[Numpy-discussion] Adding `offset` argument to np.lib.format.open_memmap and np.load

Tue Mar 1 11:07:00 EST 2011

On Tue, Mar 1, 2011 at 07:20, Jon Olav Vik <jonovik at gmail.com> wrote:
> Robert Kern <robert.kern <at> gmail.com> writes:
>
>> On Mon, Feb 28, 2011 at 18:50, Sturla Molden <sturla <at> molden.no> wrote:
>> > Den 01.03.2011 01:15, skrev Robert Kern:
>> >> You can have each of those processes memory-map the whole file and
>> >> just operate on their own slices. Your operating system's virtual
>> >> memory manager should handle all of the details for you.
>
> Wow, I didn't know that. So as long as the ranges touched by each process do
> not overlap, I'll be safe? If I modify only a few discontiguous chunks in a
> range, will the virtual memory manager decide whether it is most efficient to
> write just the chunks or the entire range back to disk?

It's up to the virtual memory manager, but usually, it will just load
those pages (chunks the size of mmap.PAGESIZE) that are touched by
your request and write them back.

>> > Mapping large files from the start will not always work on 32-bit
>> > systems. That is why mmap.mmap take an offset argument now (Python 2.7
>> > and 3.1.)
>> >
>> > Making a view np.memmap with slices is useful on 64-bit but not 32-bit
>> > systems.
>>
>> I'm talking about the OP's stated use case where he generates the file
>> via memory-mapping the whole thing on the same machine. The whole file
>> does fit into the address space in his use case.
>>
>> I'd like to see a real use case where this does not hold.
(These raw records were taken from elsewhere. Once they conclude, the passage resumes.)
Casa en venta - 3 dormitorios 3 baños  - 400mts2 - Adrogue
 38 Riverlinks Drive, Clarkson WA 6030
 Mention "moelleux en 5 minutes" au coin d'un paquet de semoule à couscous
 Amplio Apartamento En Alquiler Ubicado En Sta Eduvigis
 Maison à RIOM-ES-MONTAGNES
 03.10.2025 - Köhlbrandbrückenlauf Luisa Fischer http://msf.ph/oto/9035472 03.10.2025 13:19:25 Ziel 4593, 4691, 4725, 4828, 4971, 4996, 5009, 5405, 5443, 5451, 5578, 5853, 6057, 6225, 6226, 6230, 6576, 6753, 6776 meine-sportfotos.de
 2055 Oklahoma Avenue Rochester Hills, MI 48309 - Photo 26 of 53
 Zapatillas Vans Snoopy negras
I suspect
>> that this is not the API we would want for such use cases.
>
> Use case: Generate "large" output for "many" parameter scenarios.
> 1. Preallocate "enormous" output file on disk.
> 2. Each process fills in part of the output.
> 3. Analyze, aggregate results, perhaps save to HDF or database, in a sliding-
> window fashion using a memory-mapped array. The aggregated results fit in
> memory, even though the raw output doesn't.
>
> My real work has been done on a 64-bit cluster running 64-bit Python, but I'd
> like to have the option of post-processing on my laptop's 32-bit Python (either
> spending a few hours copying the file to my laptop first, or mounting the
> remote disk using e.g. ExpanDrive).

Okay, in this case, I don't think that just adding an offset argument
to np.load() is very useful. You will want to read the dtype and shape
information from the header, *then* decide what offset and shape to
use for the memory-mapped segment. You will want to use the functions
read_magic() and read_array_header_1_0() from np.lib.format directly.
You can slightly modify the logic in open_memmap():

        # Read the header of the file first.
        fp = open(filename, 'rb')
        try:
            version = read_magic(fp)
            if version != (1, 0):
                msg = "only support version (1,0) of file format, not %r"
                raise ValueError(msg % (version,))
            shape, fortran_order, dtype = read_array_header_1_0(fp)
            if dtype.hasobject:
                msg = "Array can't be memory-mapped: Python objects in dtype."
                raise ValueError(msg)
            offset = fp.tell()
        finally:
            fp.close()

        chunk_offset, chunk_shape = decide_offset_shape(dtype, shape,
fortran_order, offset)

        marray = np.memmap(filename, dtype=dtype, shape=chunk_shape,
            order=('F' if fortran_order else 'C'), mode='r+',
offset=chunk_offset)

What might help is combining the first stanza of logic together into
one read_header() function that returns the usual information and also
the offset to the actual data. That lets you avoid replicating the
logic for handling different format versions.

-- 
Robert Kern

"I have come to believe that the whole world is an enigma, a harmless
enigma that is made terrible by our own mad attempt to interpret it as
though it had an underlying truth."
  -- Umberto Eco